As a non-profit, you really don’t have time NOT to fund raise. It’s all about prioritizing your time and realizing that building relationships is critical to helping you carry out your mission.
- Everyone that gives wants their name on something.
Not true. Each donor decides how they want to be recognized. While some thrive on the recognition, some prefer to remain anonymous. Never assume you know what they want until you ask them.
- The “ask” needs to be perfect.
It’s hard to know what perfect means, but we do know that authentic, personal and heartfelt will do the trick nearly every time.
- Great volunteers will leave if we ask a lot of them.
It’s likely the opposite is true. Your volunteers’ time is valuable and they want to know they are making a difference in your organization. Maximize your volunteer’s engagement and satisfaction by making it clear what you need from them. There’s nothing worse than showing up and having nothing to do.
- People give money based on how much they have (their capacity).
If the wealthiest person in town knows nothing (or doesn’t care) about your organization, it doesn’t matter. A donor gives based on how much they care (their interest). (Read more.)
- A prospective donor’s “no” means no.
Not always. Often it means “not now” or “not yet.” They may just need more education and cultivation to increase how much they care. (See #9) And yes, we have a blog for that, too.

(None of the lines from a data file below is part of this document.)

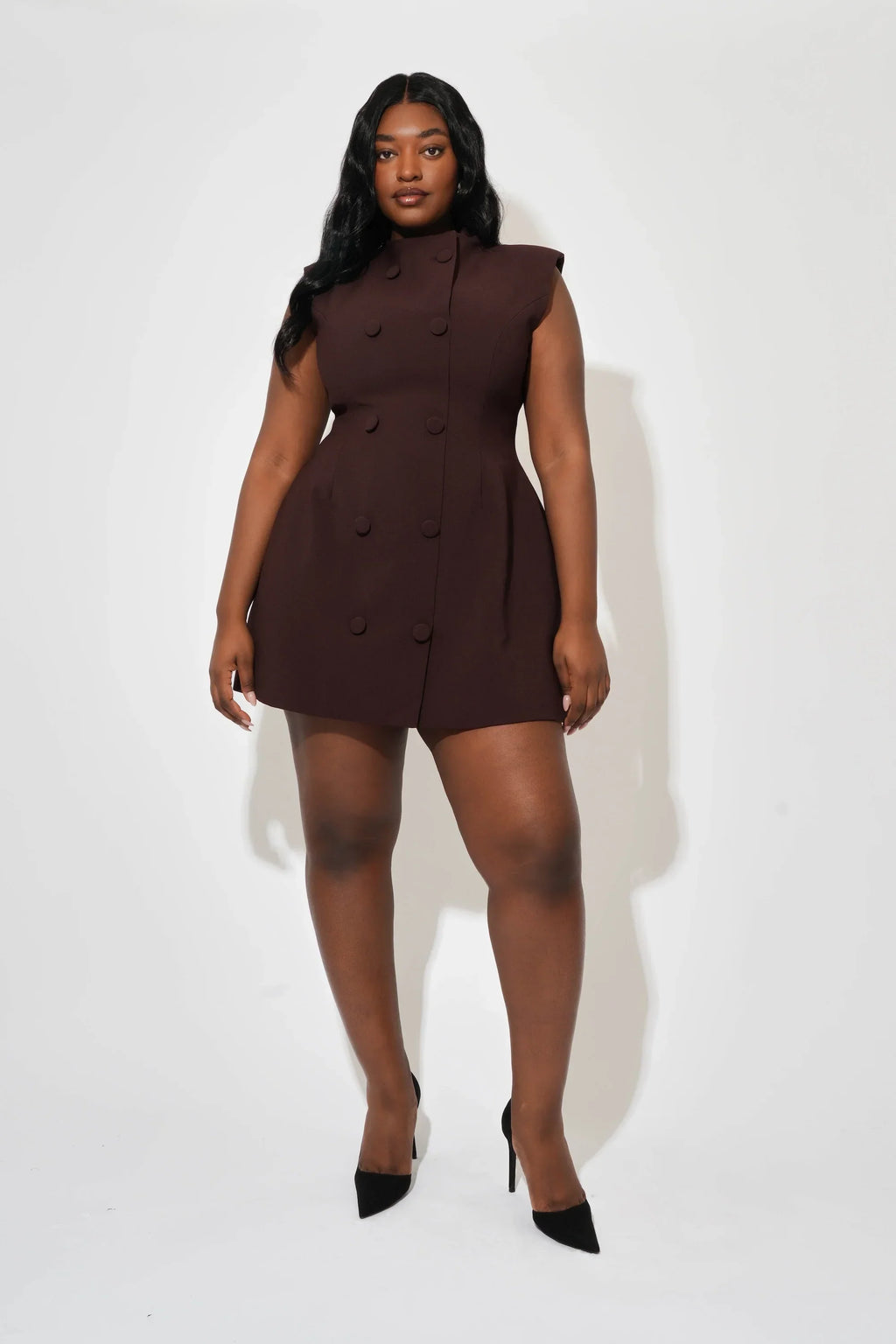 Sleeveless Button Mini Dress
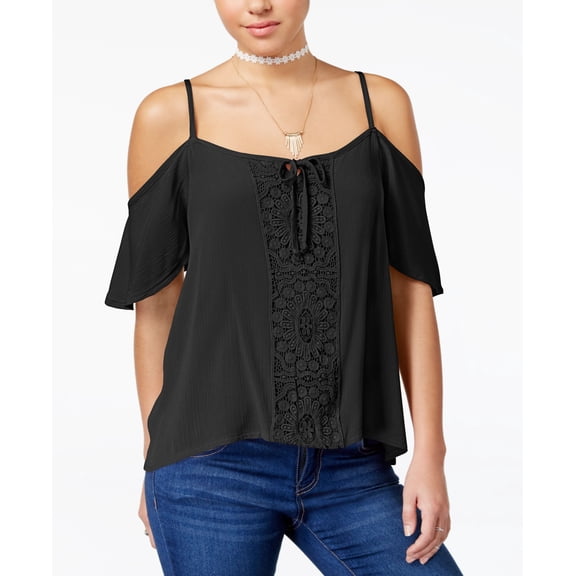 Seven Sisters Juniors Crochet Trim Cold Shoulder Top Black M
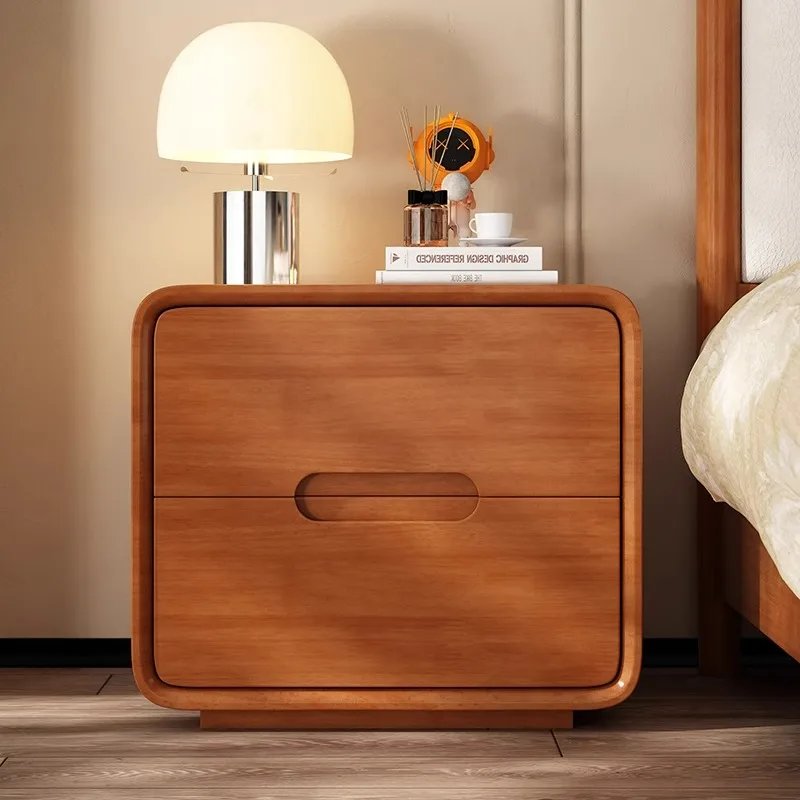 Log Wind Simple Nightstands Modern Floor-standing Wooden Chest of Drawers Small Apartment Bedside Cabinet No Installation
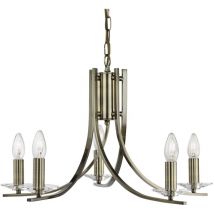 Lampadario Industrial-Nordico Ascona Acciaio Ottone Vetro 5 Luci E14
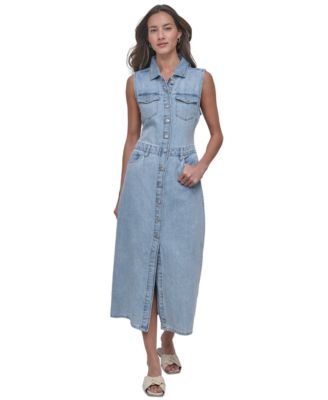 DKNY Jeans - Women's Button-Front Sleeveless Midi Denim Dress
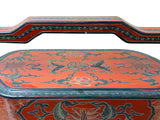 Chinese Brick Red Lacquer Color Treasure Graphic Stack Box Basket ws3912S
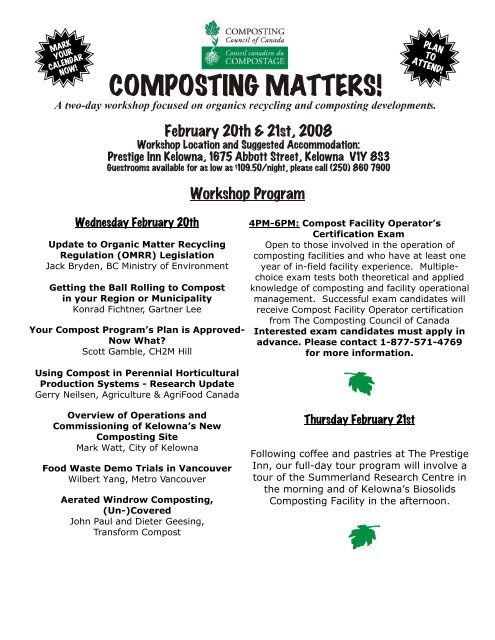 COMPOSTING MATTERS! - Compost Council of Canada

- Send a letter to Bill Gates. Or Warren Buffett. Or Oprah. Because they’re rich, they’ll definitely want to give to your campaign.
- It (capital campaign/project) always happens as planned!

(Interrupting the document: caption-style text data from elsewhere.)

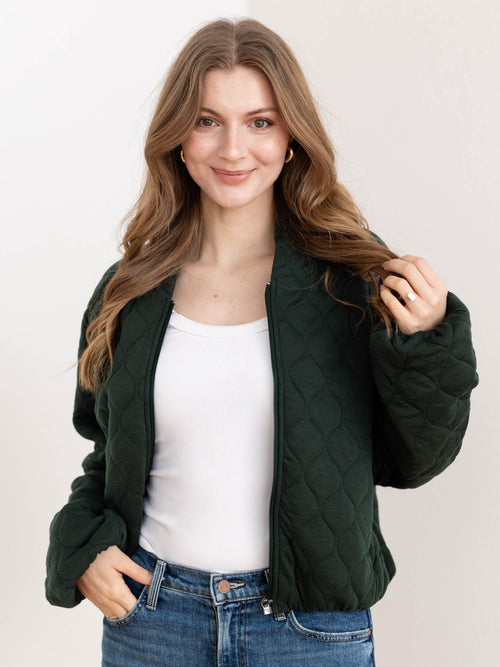 dark green quilted bomber jacket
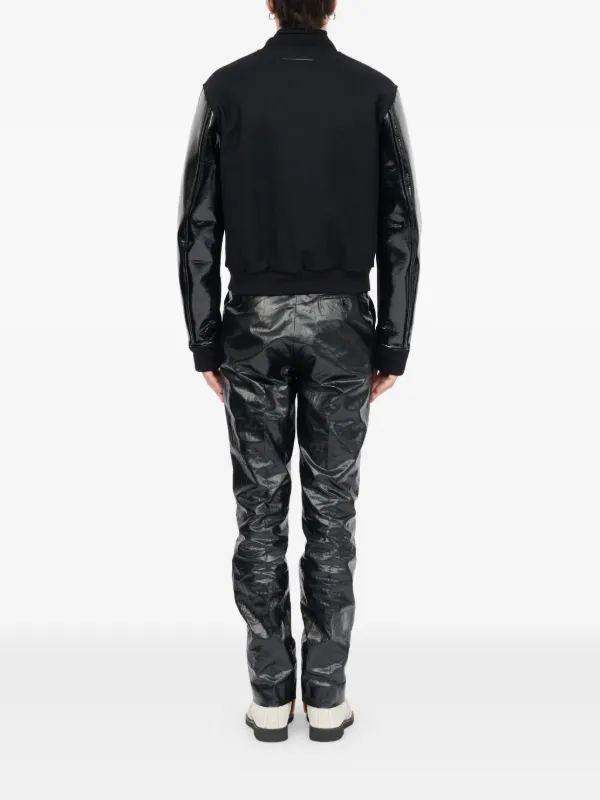 MM6 Maison Margiela レザースリーブ ジャケット | ブラック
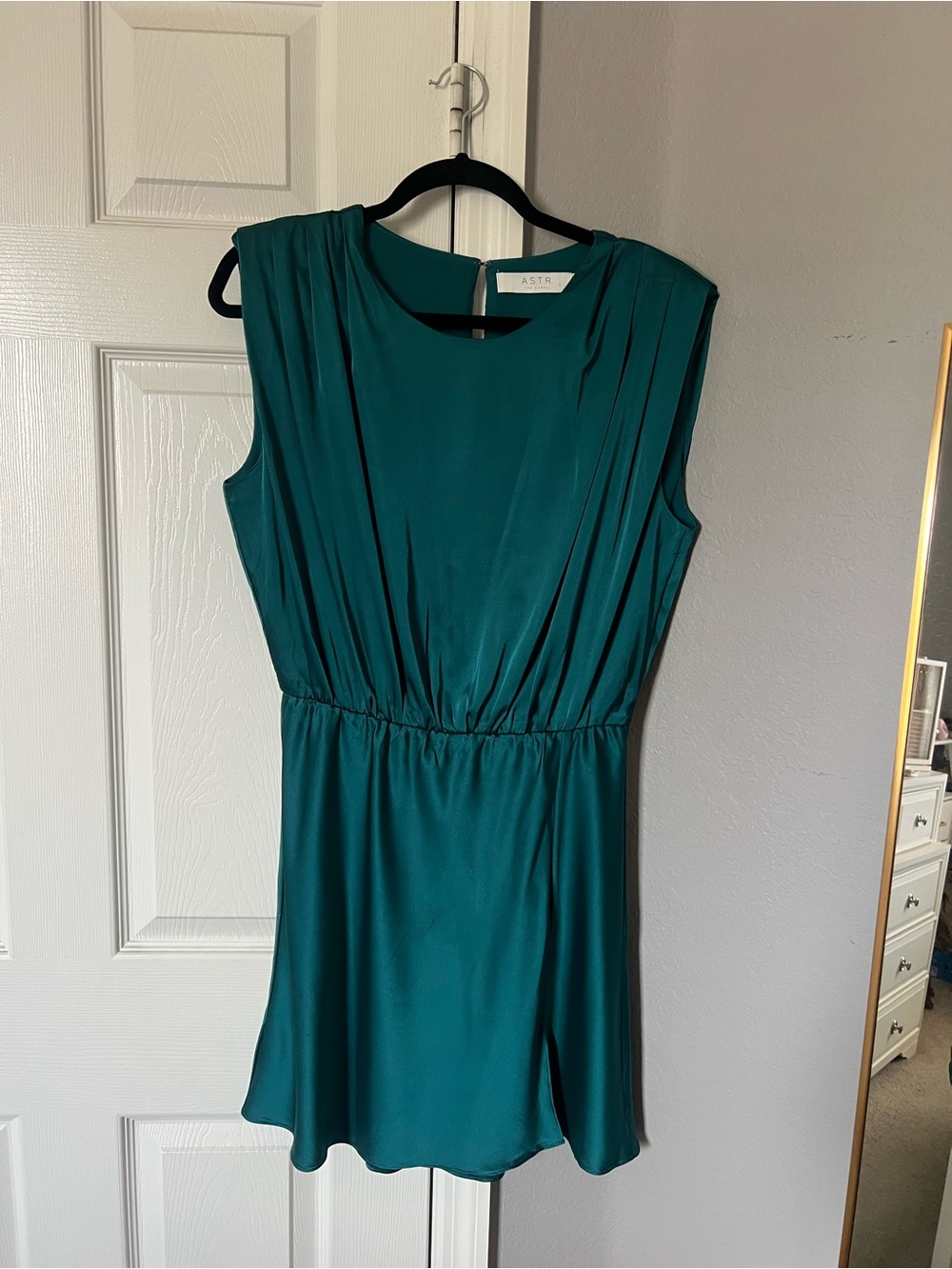 ASTR Teal Sleeveless Mini Dress with Elastic Waist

Wouldn’t that be nice? It never does. Life doesn’t happen as planned, and neither does a capital campaign. Be flexible. Plan for the worst, work for the best, and always be prepared that something is going to change.
- We have firm quotes for construction. We don’t need a contingency.
Always have a contingency. Always. (See #12.)
- I’ve got a great contractor, he says he can begin immediately and beat the time schedule.
We’ve worked with many a great contractor and appreciate their expertise, but rarely (if ever) does anyone…even the greatest…beat the time schedule.